* TO DO *
If the records include pictures, omit them and set down everything else verbatim.

* PROVIDED RECORDS *
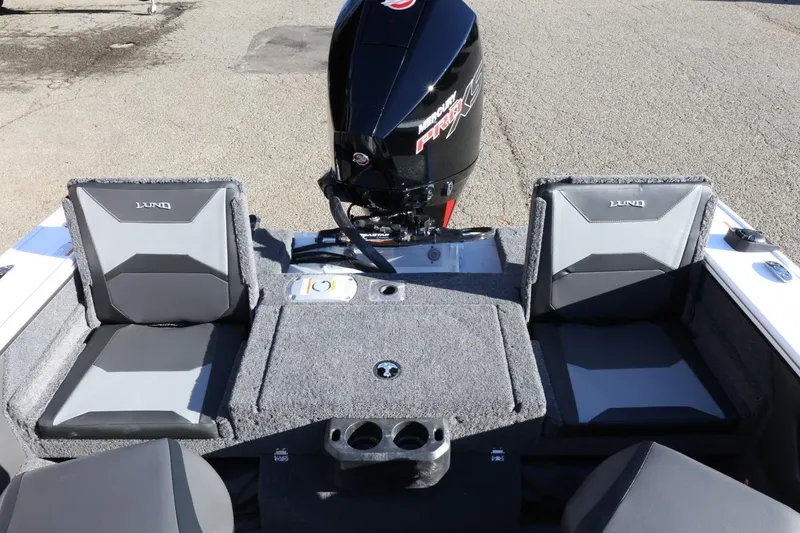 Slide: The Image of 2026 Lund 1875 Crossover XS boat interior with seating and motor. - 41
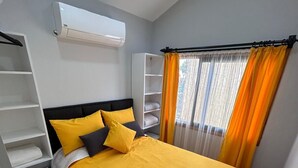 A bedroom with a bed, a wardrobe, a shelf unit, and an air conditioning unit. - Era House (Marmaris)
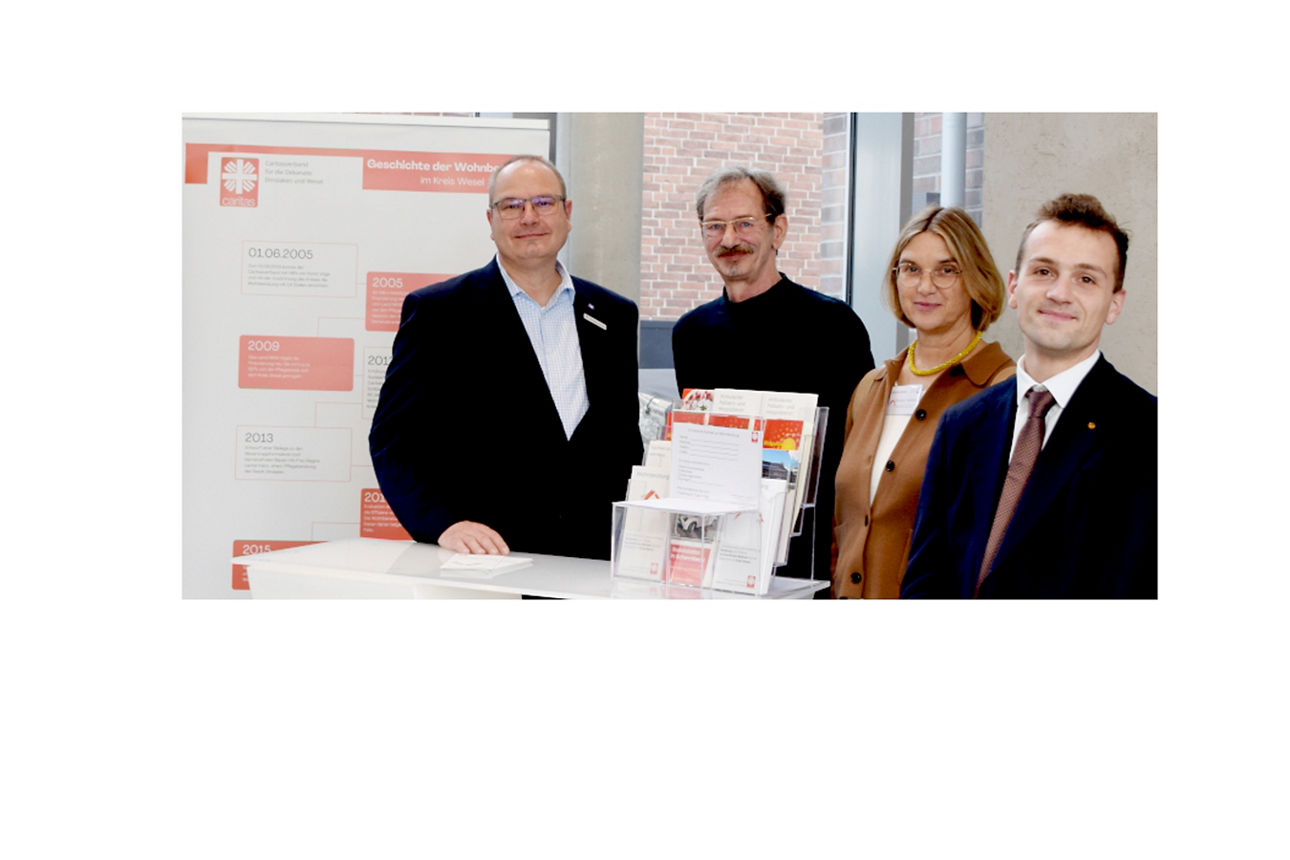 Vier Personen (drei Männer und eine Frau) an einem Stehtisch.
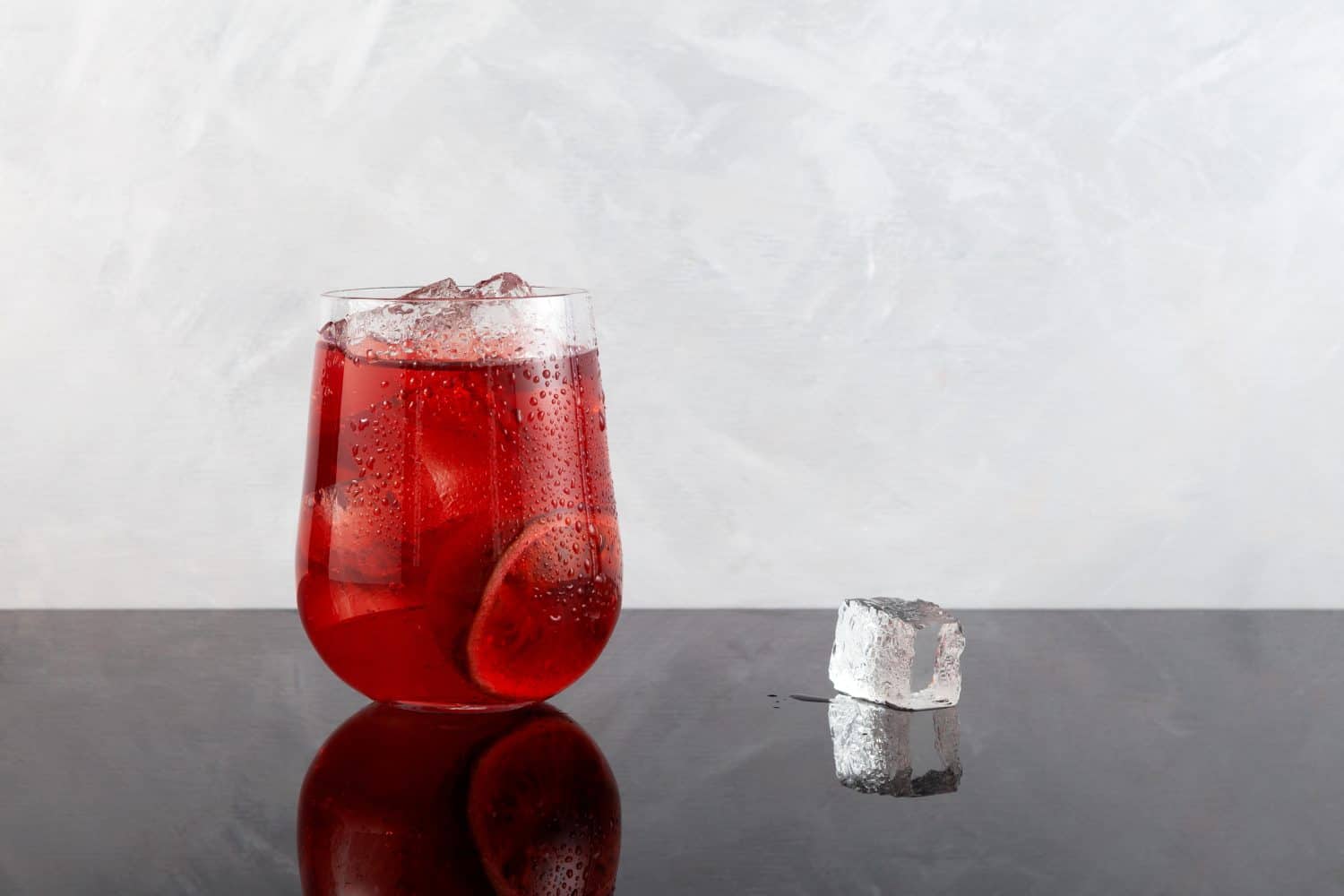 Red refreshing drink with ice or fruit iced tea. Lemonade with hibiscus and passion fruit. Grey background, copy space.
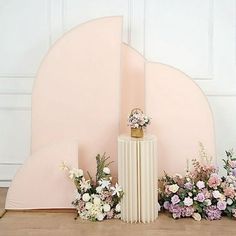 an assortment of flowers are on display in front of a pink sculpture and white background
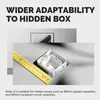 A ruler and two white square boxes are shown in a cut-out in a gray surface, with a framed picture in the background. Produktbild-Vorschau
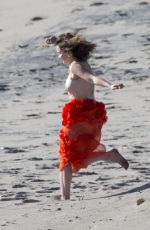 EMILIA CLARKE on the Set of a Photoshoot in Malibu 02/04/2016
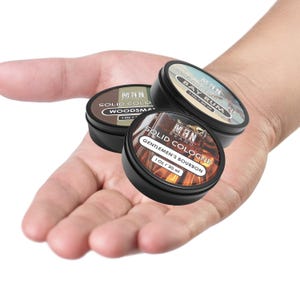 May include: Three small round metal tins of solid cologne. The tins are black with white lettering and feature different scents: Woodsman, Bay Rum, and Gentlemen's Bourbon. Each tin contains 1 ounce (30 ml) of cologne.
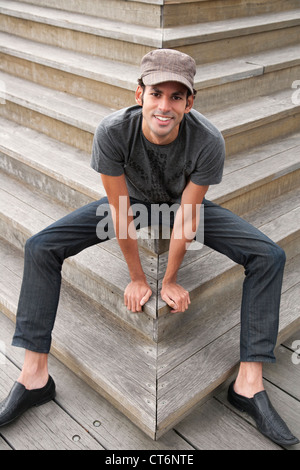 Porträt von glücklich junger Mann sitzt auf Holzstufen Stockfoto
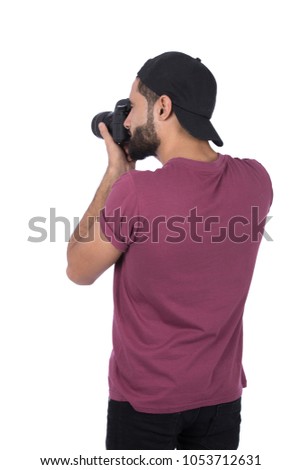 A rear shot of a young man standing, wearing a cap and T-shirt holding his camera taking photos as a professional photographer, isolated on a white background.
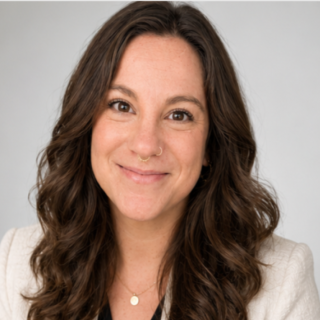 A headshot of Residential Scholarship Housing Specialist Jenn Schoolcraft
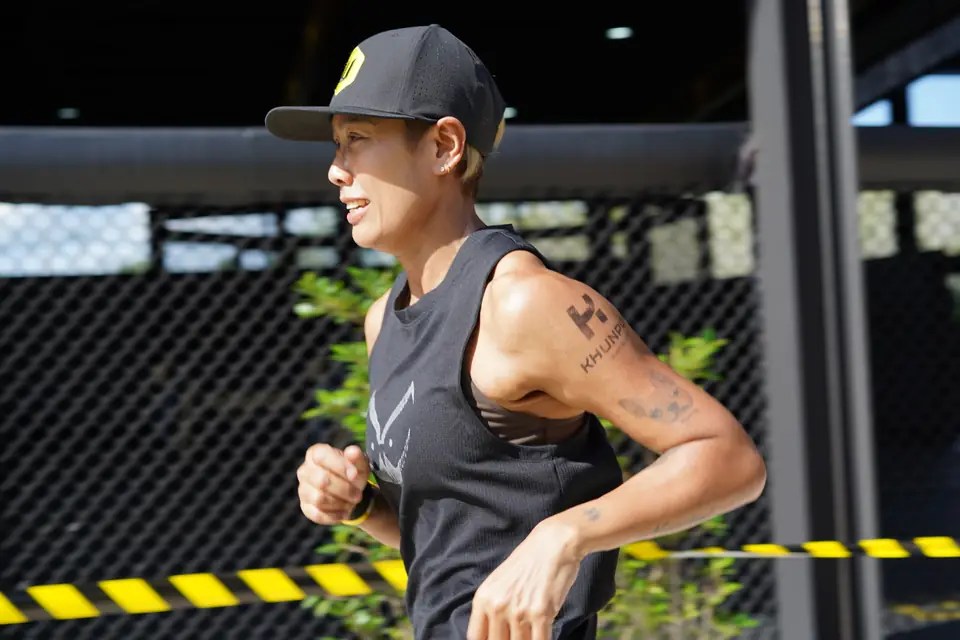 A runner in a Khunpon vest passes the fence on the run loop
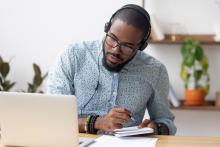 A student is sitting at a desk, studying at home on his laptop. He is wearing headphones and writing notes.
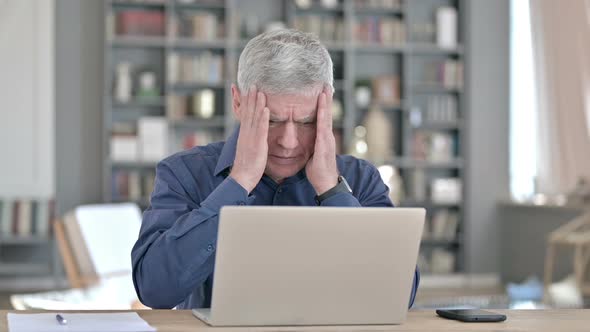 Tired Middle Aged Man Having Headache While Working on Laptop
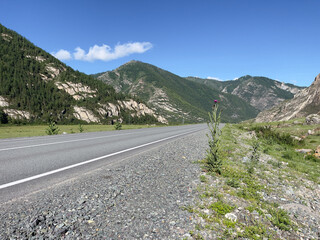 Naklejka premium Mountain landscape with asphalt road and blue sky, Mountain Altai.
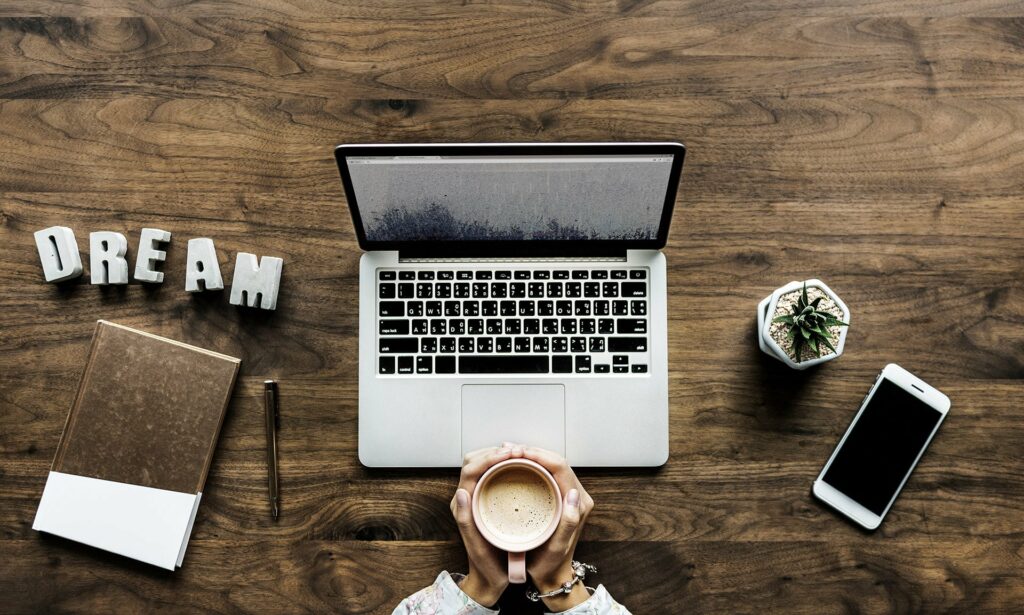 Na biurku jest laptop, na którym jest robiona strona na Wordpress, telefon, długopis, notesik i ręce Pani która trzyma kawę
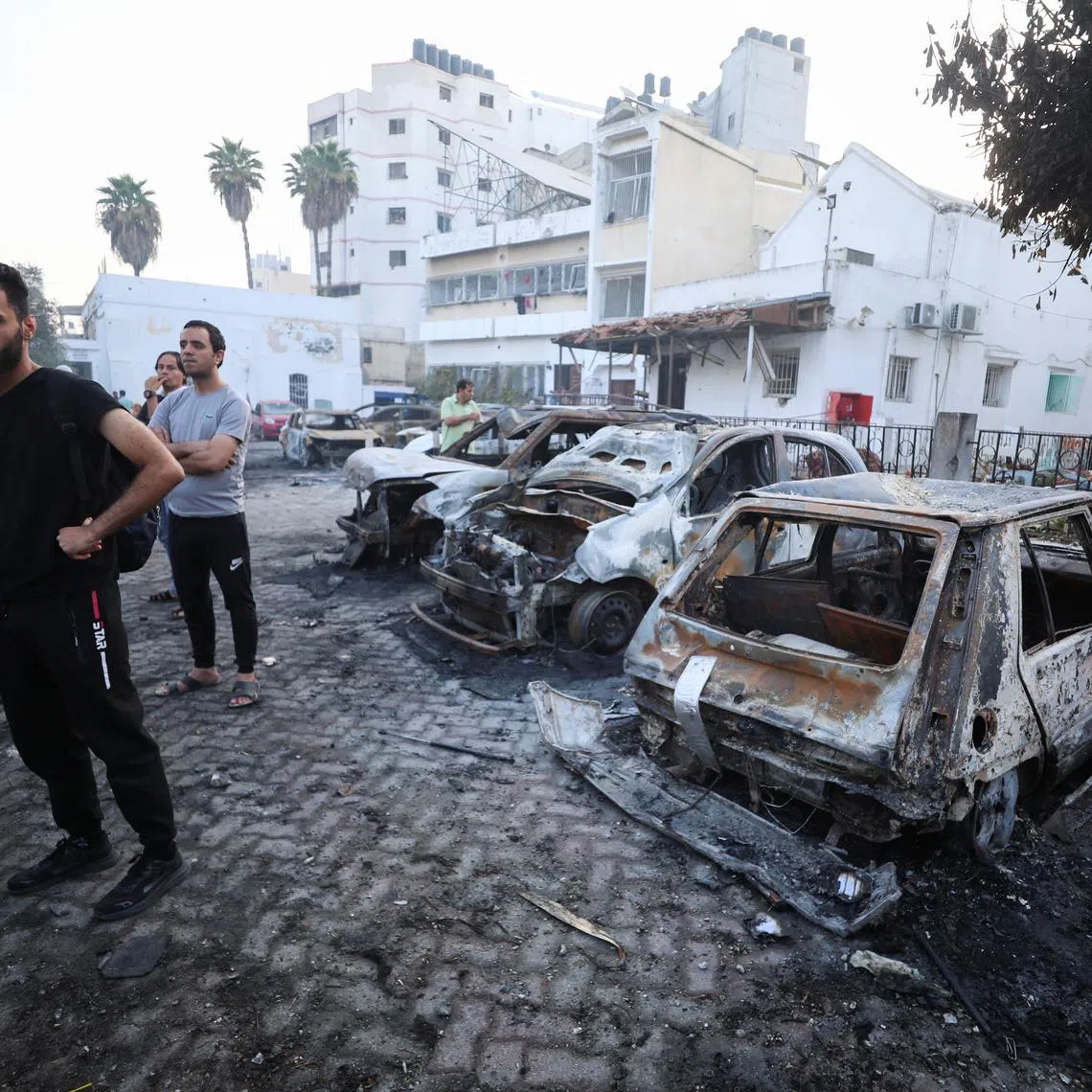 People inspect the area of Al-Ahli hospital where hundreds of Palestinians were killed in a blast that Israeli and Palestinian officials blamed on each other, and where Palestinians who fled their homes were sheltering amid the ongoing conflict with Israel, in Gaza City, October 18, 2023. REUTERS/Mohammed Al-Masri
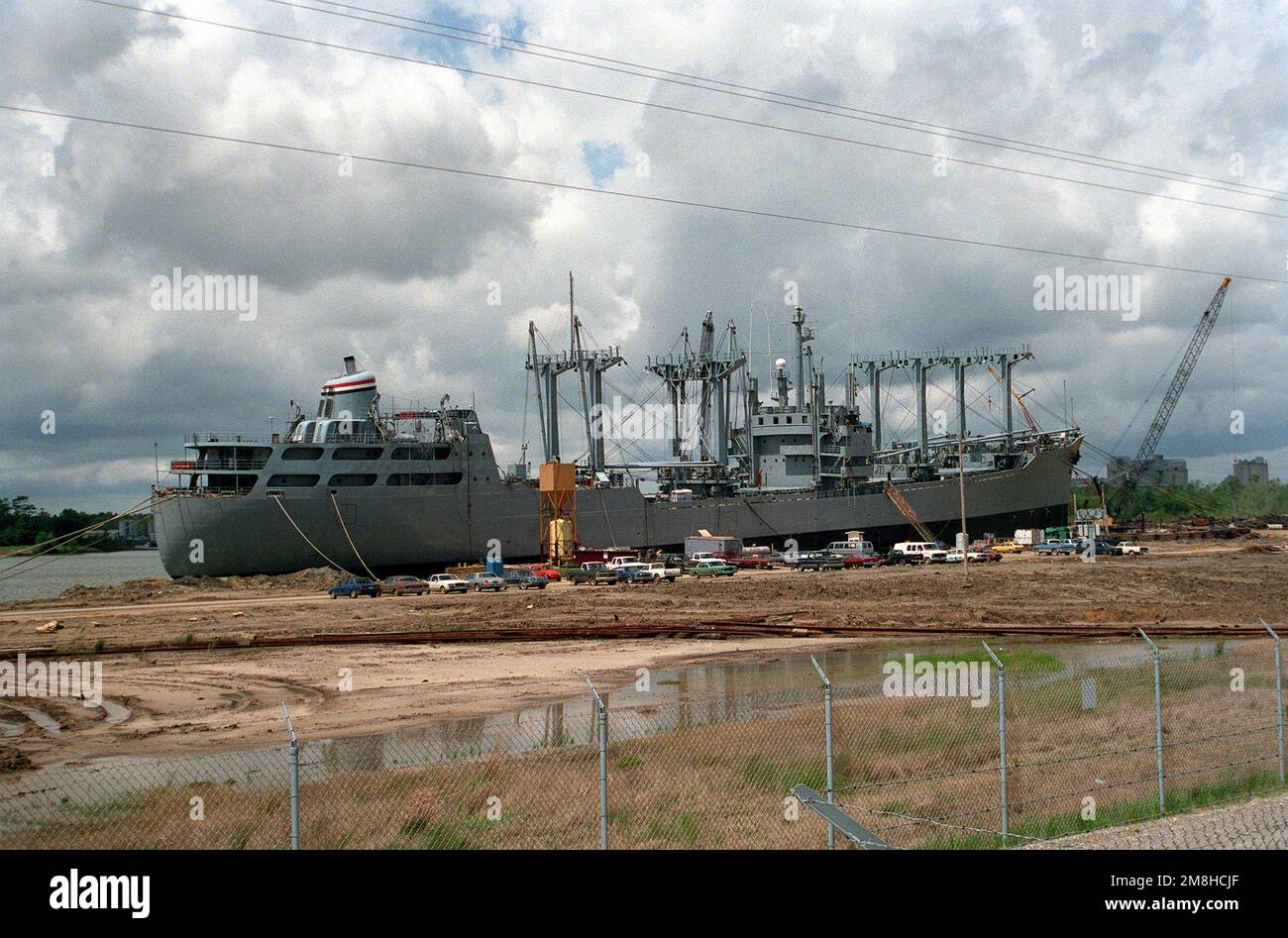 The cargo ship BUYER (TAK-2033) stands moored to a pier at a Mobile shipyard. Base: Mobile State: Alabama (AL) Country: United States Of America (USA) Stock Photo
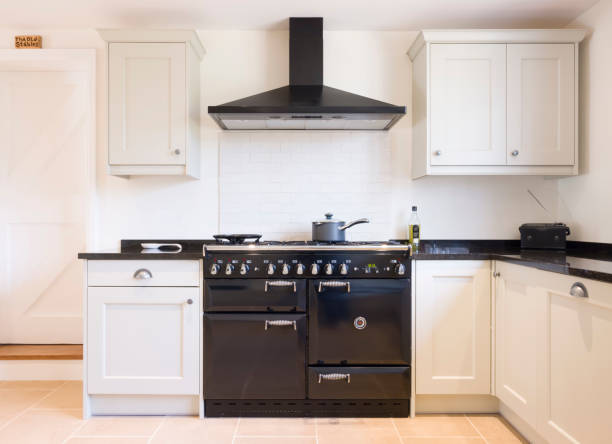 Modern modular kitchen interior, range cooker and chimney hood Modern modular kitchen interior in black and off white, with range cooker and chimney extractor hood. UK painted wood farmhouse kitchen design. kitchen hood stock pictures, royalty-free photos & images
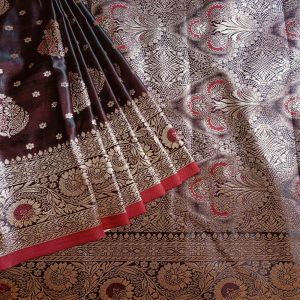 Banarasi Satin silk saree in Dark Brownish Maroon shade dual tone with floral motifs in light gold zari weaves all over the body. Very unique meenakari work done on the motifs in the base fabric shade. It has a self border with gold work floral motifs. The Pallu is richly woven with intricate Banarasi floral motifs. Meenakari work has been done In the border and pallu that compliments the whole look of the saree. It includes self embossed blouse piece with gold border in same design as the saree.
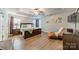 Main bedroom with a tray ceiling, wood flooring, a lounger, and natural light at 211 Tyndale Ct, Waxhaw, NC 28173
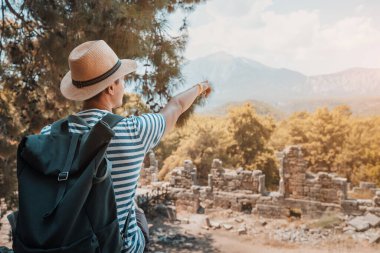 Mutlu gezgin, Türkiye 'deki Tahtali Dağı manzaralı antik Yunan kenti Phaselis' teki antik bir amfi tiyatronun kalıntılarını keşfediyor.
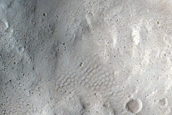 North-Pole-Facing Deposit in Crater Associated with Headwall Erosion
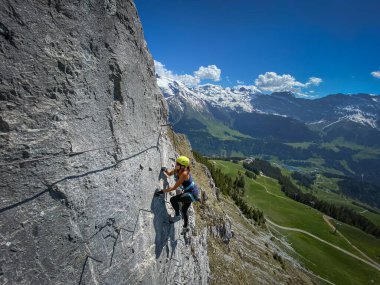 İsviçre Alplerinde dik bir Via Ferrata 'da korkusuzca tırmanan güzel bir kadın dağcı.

* EXERCISE RESPONSE *
 Slide: The Image of 2026 Lund 1875 Crossover XS boat interior with seating and motor. - 41
 A bedroom with a bed, a wardrobe, a shelf unit, and an air conditioning unit. - Era House (Marmaris)
 Vier Personen (drei Männer und eine Frau) an einem Stehtisch.
 Red refreshing drink with ice or fruit iced tea. Lemonade with hibiscus and passion fruit. Grey background, copy space.
 an assortment of flowers are on display in front of a pink sculpture and white background
 A ruler and two white square boxes are shown in a cut-out in a gray surface, with a framed picture in the background. Produktbild-Vorschau
 EMILIA CLARKE on the Set of a Photoshoot in Malibu 02/04/2016
 May include: Three small round metal tins of solid cologne. The tins are black with white lettering and feature different scents: Woodsman, Bay Rum, and Gentlemen's Bourbon. Each tin contains 1 ounce (30 ml) of cologne.
 Porträt von glücklich junger Mann sitzt auf Holzstufen Stockfoto
 A rear shot of a young man standing, wearing a cap and T-shirt holding his camera taking photos as a professional photographer, isolated on a white background.
 A headshot of Residential Scholarship Housing Specialist Jenn Schoolcraft
 A runner in a Khunpon vest passes the fence on the run loop
 A student is sitting at a desk, studying at home on his laptop. He is wearing headphones and writing notes.
 Tired Middle Aged Man Having Headache While Working on Laptop
 Naklejka premium Mountain landscape with asphalt road and blue sky, Mountain Altai.
 Na biurku jest laptop, na którym jest robiona strona na Wordpress, telefon, długopis, notesik i ręce Pani która trzyma kawę
 People inspect the area of Al-Ahli hospital where hundreds of Palestinians were killed in a blast that Israeli and Palestinian officials blamed on each other, and where Palestinians who fled their homes were sheltering amid the ongoing conflict with Israel, in Gaza City, October 18, 2023. REUTERS/Mohammed Al-Masri
 The cargo ship BUYER (TAK-2033) stands moored to a pier at a Mobile shipyard. Base: Mobile State: Alabama (AL) Country: United States Of America (USA) Stock Photo
 Modern modular kitchen interior, range cooker and chimney hood Modern modular kitchen interior in black and off white, with range cooker and chimney extractor hood. UK painted wood farmhouse kitchen design. kitchen hood stock pictures, royalty-free photos & images
 Banarasi Satin silk saree in Dark Brownish Maroon shade dual tone with floral motifs in light gold zari weaves all over the body. Very unique meenakari work done on the motifs in the base fabric shade. It has a self border with gold work floral motifs. The Pallu is richly woven with intricate Banarasi floral motifs. Meenakari work has been done In the border and pallu that compliments the whole look of the saree. It includes self embossed blouse piece with gold border in same design as the saree.
 Main bedroom with a tray ceiling, wood flooring, a lounger, and natural light at 211 Tyndale Ct, Waxhaw, NC 28173
 Mutlu gezgin, Türkiye 'deki Tahtali Dağı manzaralı antik Yunan kenti Phaselis' teki antik bir amfi tiyatronun kalıntılarını keşfediyor.
 North-Pole-Facing Deposit in Crater Associated with Headwall Erosion
 İsviçre Alplerinde dik bir Via Ferrata 'da korkusuzca tırmanan güzel bir kadın dağcı.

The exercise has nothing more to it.